## Supplied records
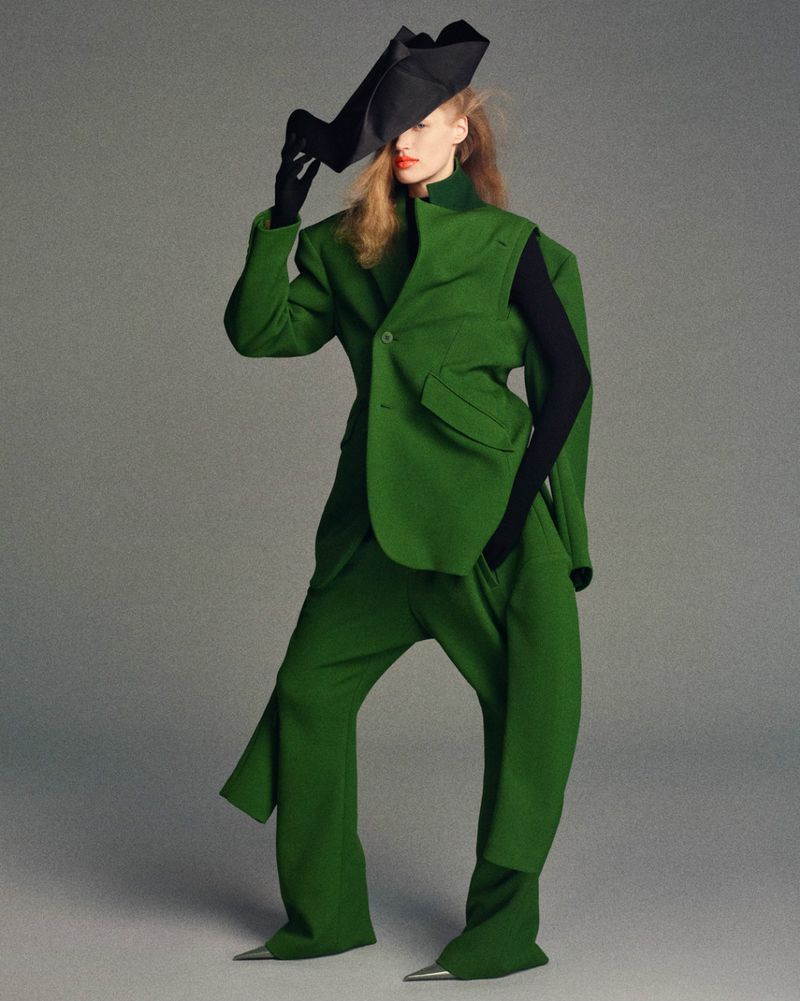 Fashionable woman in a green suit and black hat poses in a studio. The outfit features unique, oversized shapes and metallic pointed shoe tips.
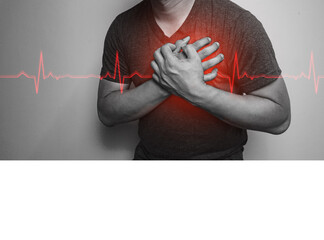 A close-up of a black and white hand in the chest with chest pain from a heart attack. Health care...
---
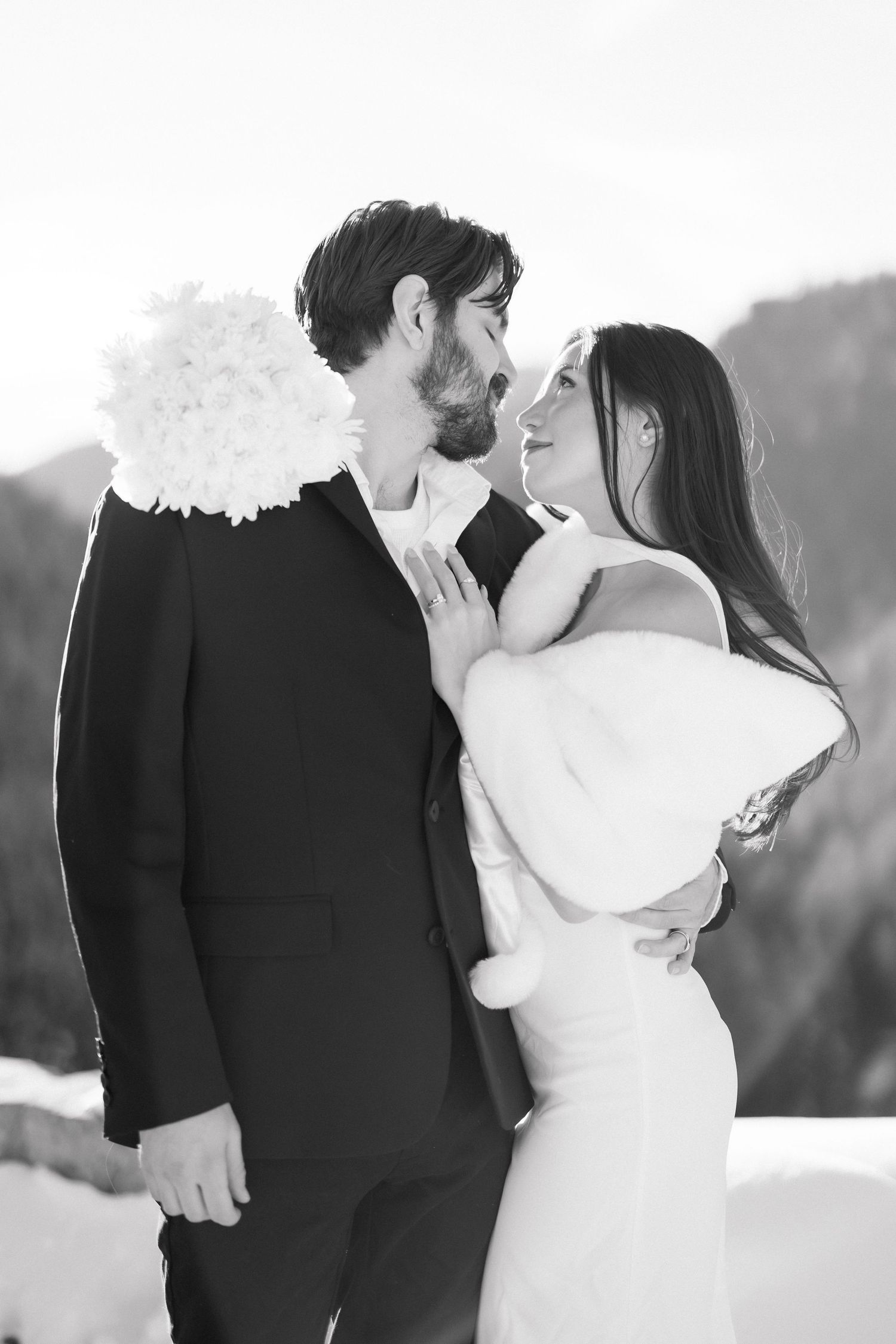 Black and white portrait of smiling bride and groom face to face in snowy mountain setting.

## Exercise brief
I'd like the lines above repeated exactly, from the one that contains "Fashionable woman in" through the one that contains "A close-up of", with no pictures.

## Answer box
 Fashionable woman in a green suit and black hat poses in a studio. The outfit features unique, oversized shapes and metallic pointed shoe tips.
 A close-up of a black and white hand in the chest with chest pain from a heart attack. Health care...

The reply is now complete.